Data extracts below:
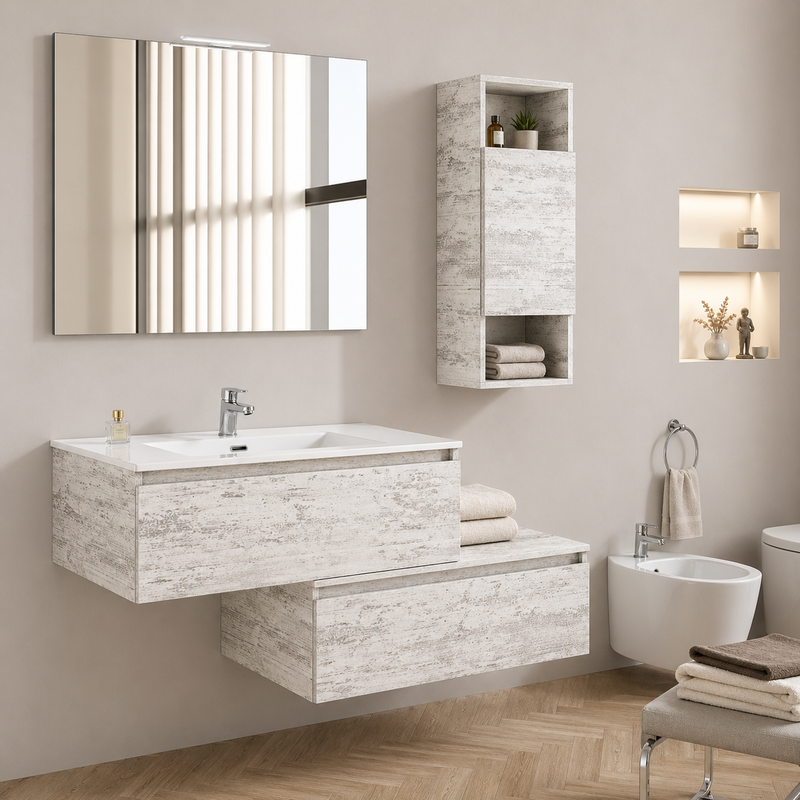 Mobile bagno sospeso Cielo 90 cm con doppia base, pensile e specchio con lampada LED - Bianco Vintage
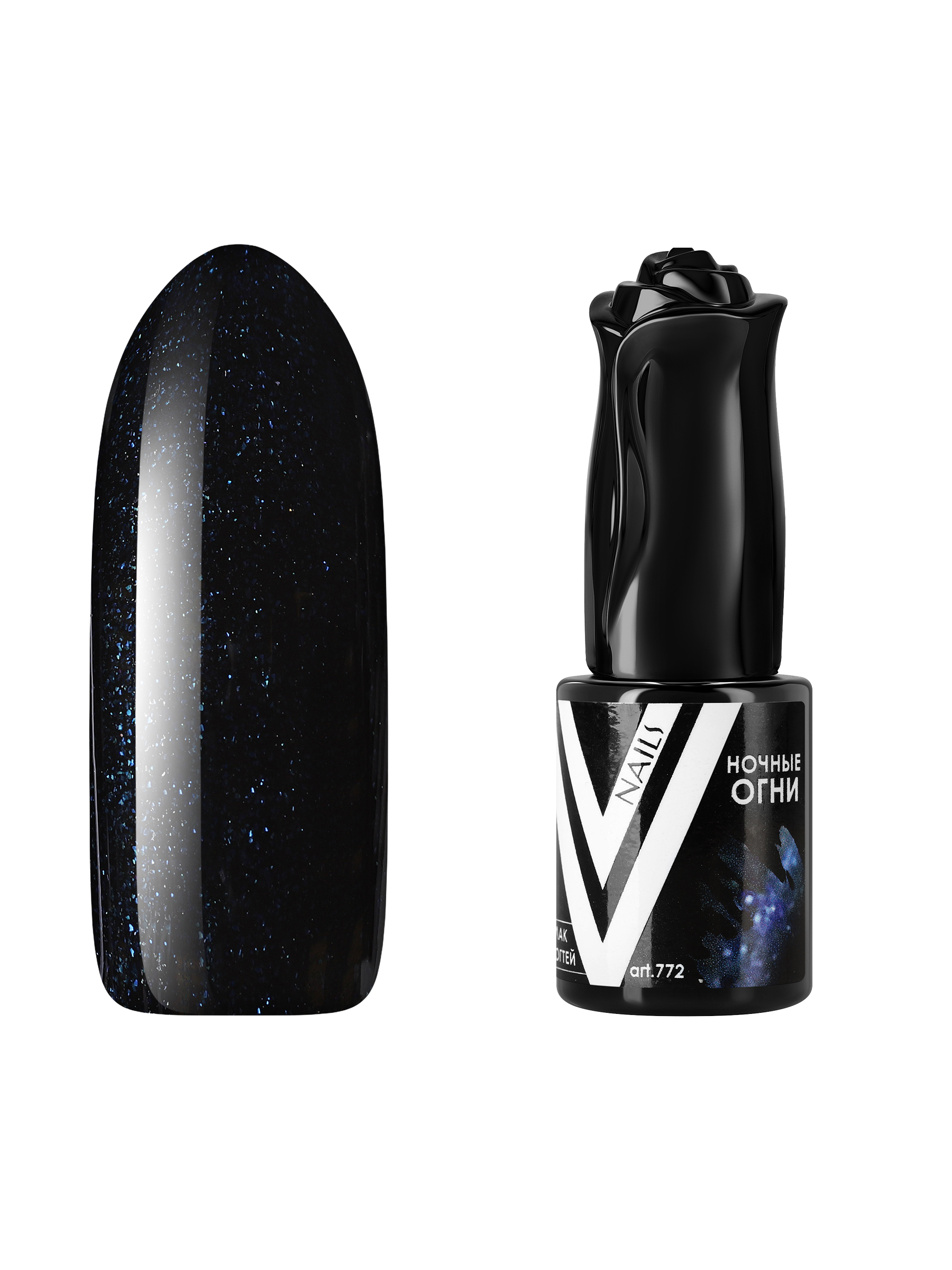 Гель-лак для ногтей с блестками Vogue Nails плотный, насыщенный, темный, черный, 10 мл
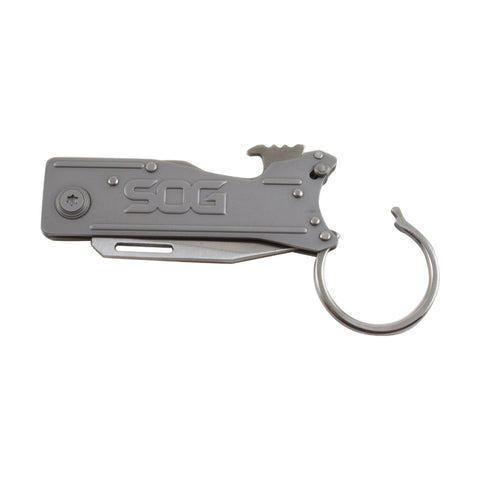 Knives & Tools - SOG KeyTron Keychain Knife, Satin W/ Straight Edge (#KT1001)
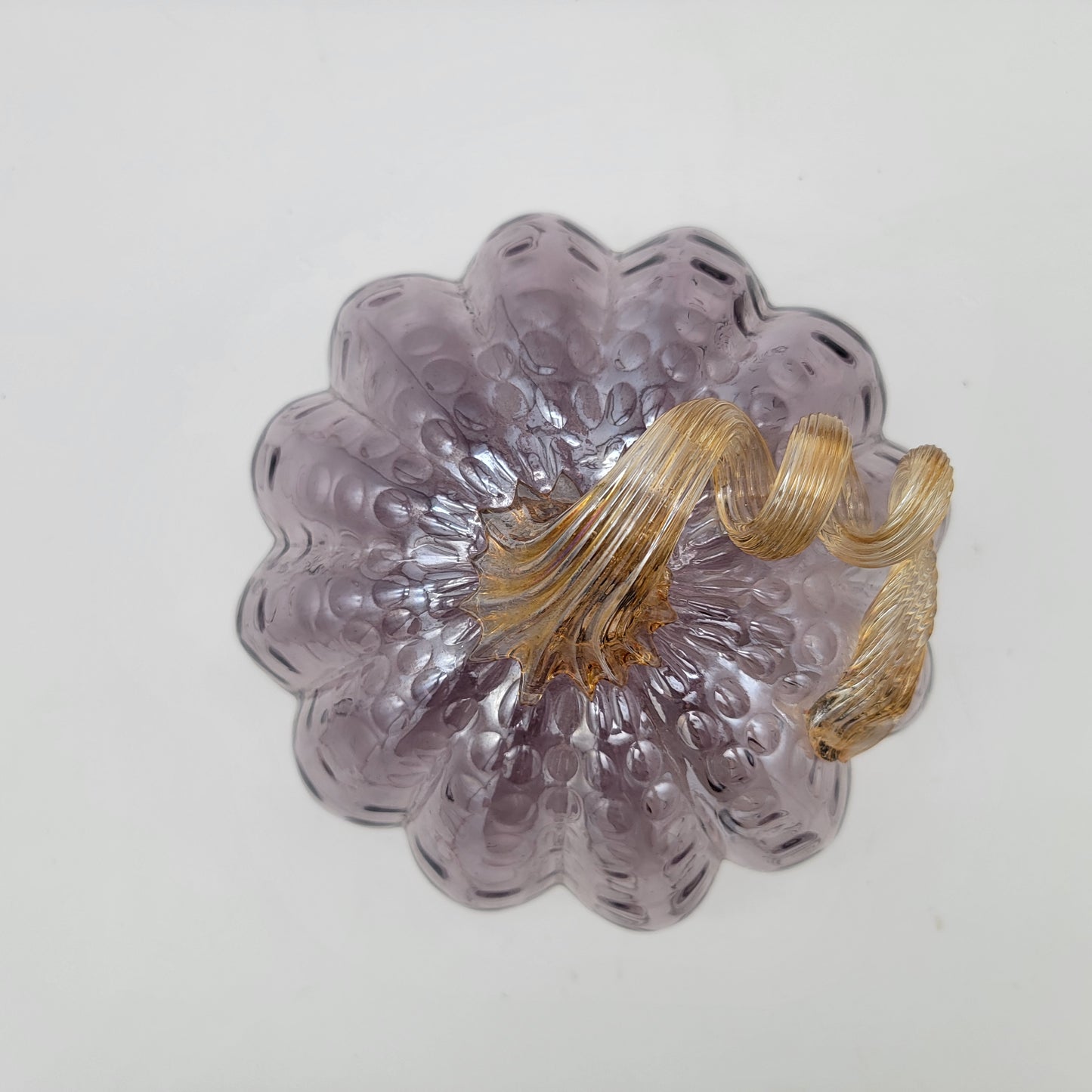 Amethyst Purple Art Glass Pumpkin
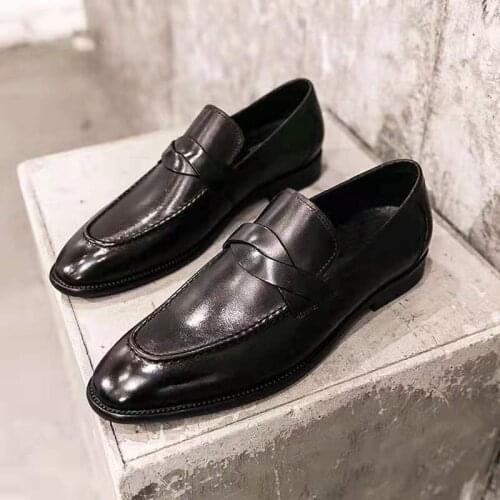Mens Trend Leather Breathable Business Casual Low-heel Loafers Designer Men Shoes Fashion Men Handmade Shoes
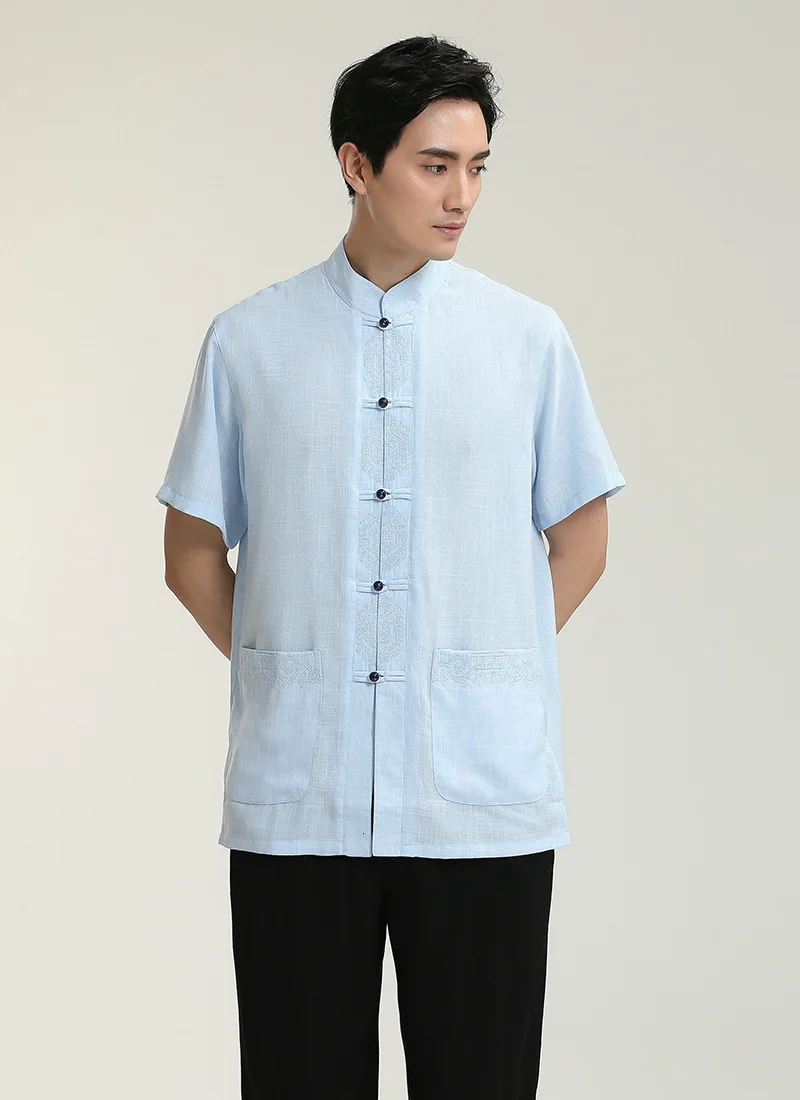 Мужская рубашка в китайском стиле из хлопка и льна с коротким рукавом и стоячим воротником, винтажные повседневные мужские рубашки, Китайская традиционная одежда для мужчин - Цвет: Blue
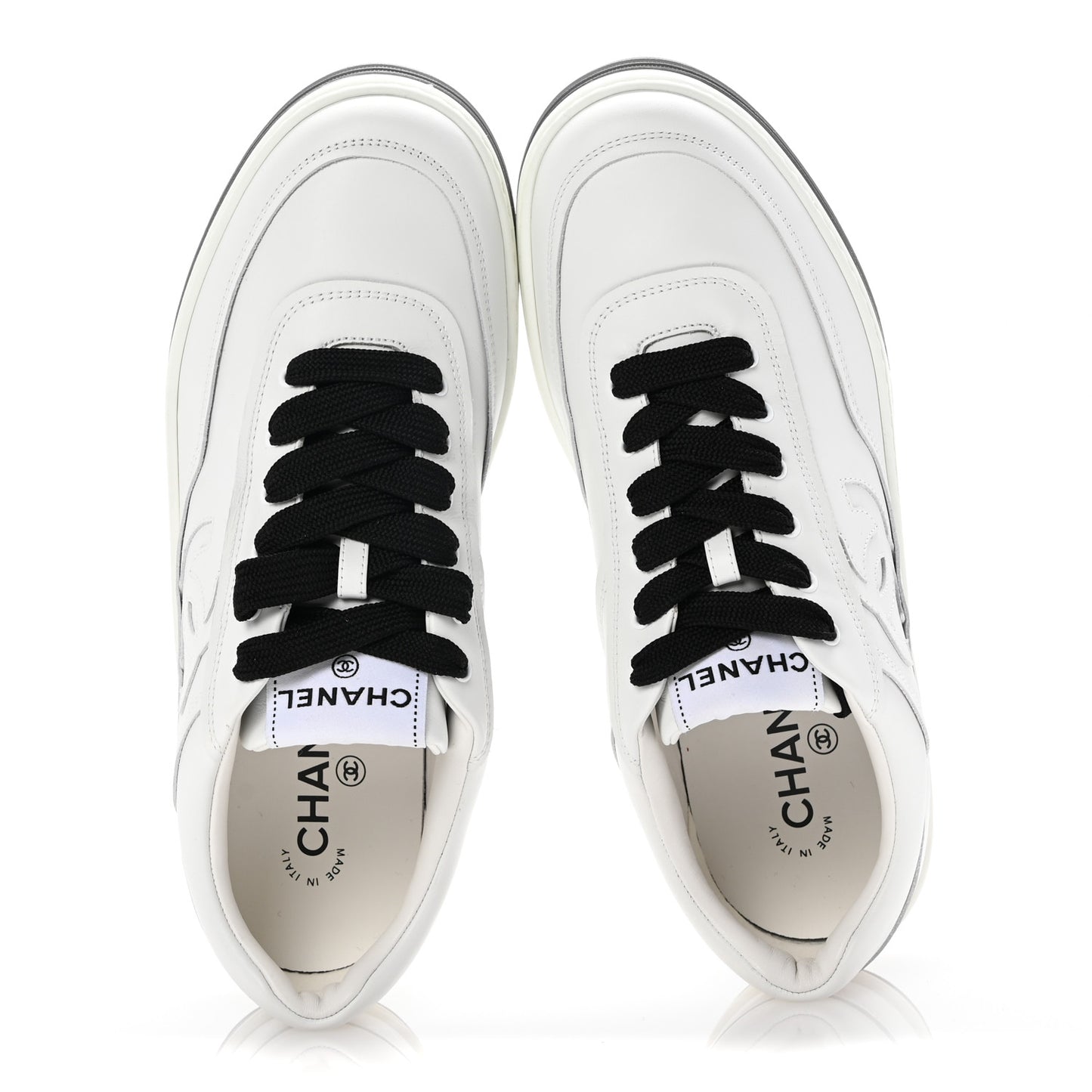 Calfskin CC Womens Sneakers 40 White Black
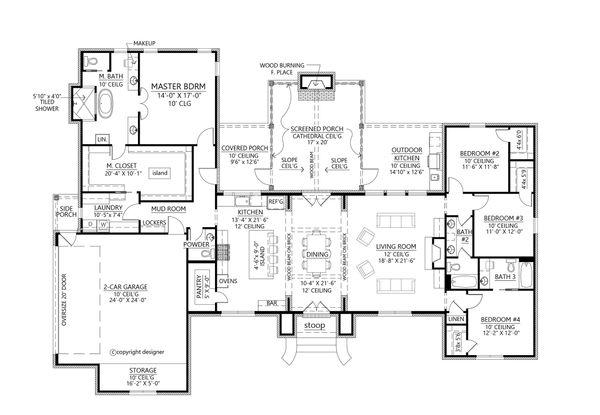 Architectural House Design - Southern Floor Plan - Main Floor Plan #1074-8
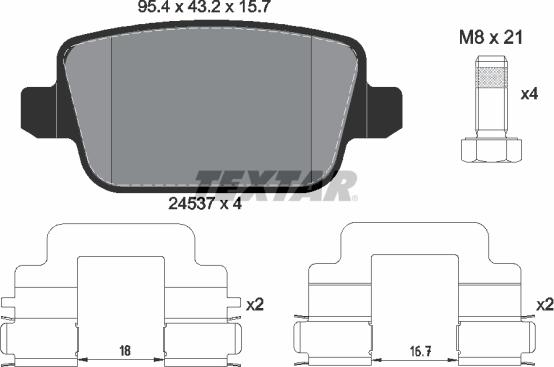 Textar 2453703 - Тормозные колодки, дисковые, комплект avtokuzovplus.com.ua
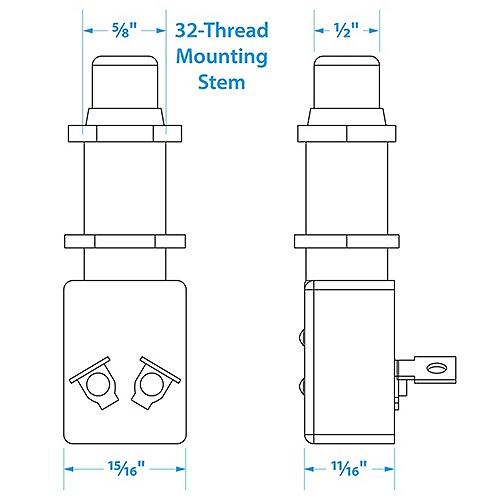 Seachoice 2-Position Push Button Starter/Horn Switch - 11781 - 50-11781F1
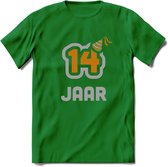 14 Jaar Feest T-Shirt | Goud - Zilver | Grappig Verjaardag Cadeau Shirt | Dames - Heren - Unisex | Tshirt Kleding Kado | - Donker Groen - S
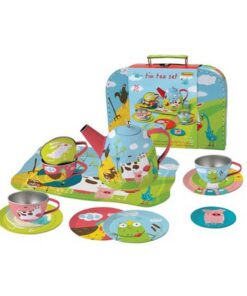 Simply for Kids Theeservies Metaal in Koffer met Boerderijdieren 15-delig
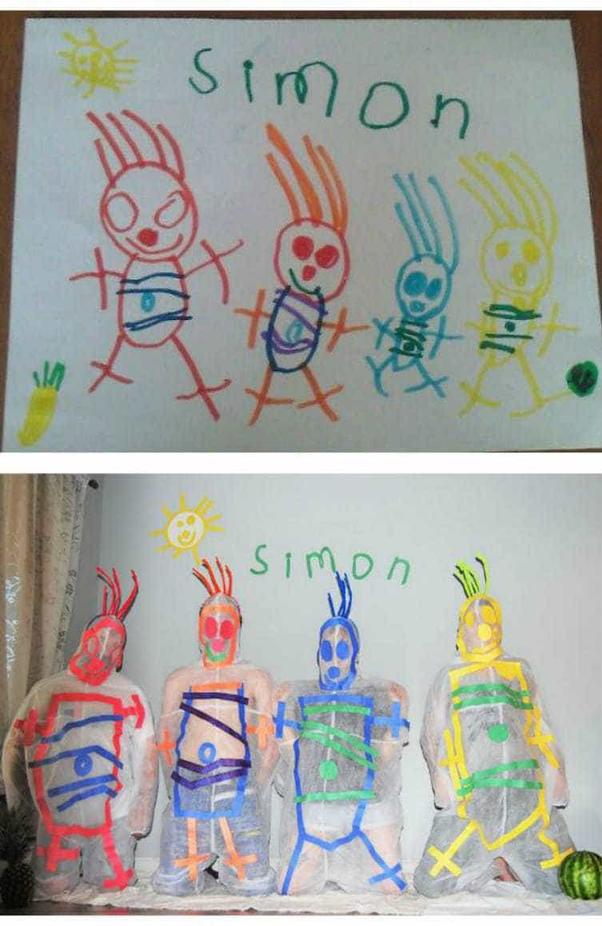 Несколько семей решили воссоздать рисунки своих детей на фотографиях, и получилось очень весело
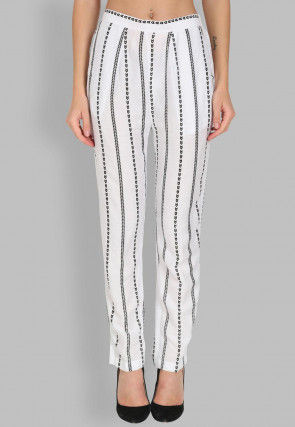 Printed Rayon Pant in White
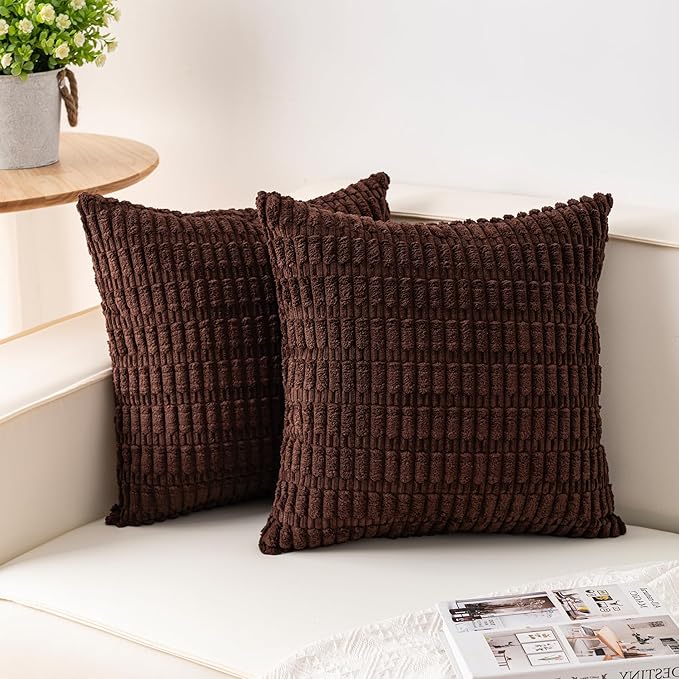 Pack of 2 Corduroy Decorative Throw Pillow Covers 18x18 InchSoft Boho Striped by Unknown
End of Data extracts.
Assignment: Through the line containing "Mens Trend Leather" and no further, restate the data above word for word from its first line, leaving out pictures.

Solution to this problem:
 Mobile bagno sospeso Cielo 90 cm con doppia base, pensile e specchio con lampada LED - Bianco Vintage
 Гель-лак для ногтей с блестками Vogue Nails плотный, насыщенный, темный, черный, 10 мл
 Knives & Tools - SOG KeyTron Keychain Knife, Satin W/ Straight Edge (#KT1001)
 Amethyst Purple Art Glass Pumpkin
Mens Trend Leather Breathable Business Casual Low-heel Loafers Designer Men Shoes Fashion Men Handmade Shoes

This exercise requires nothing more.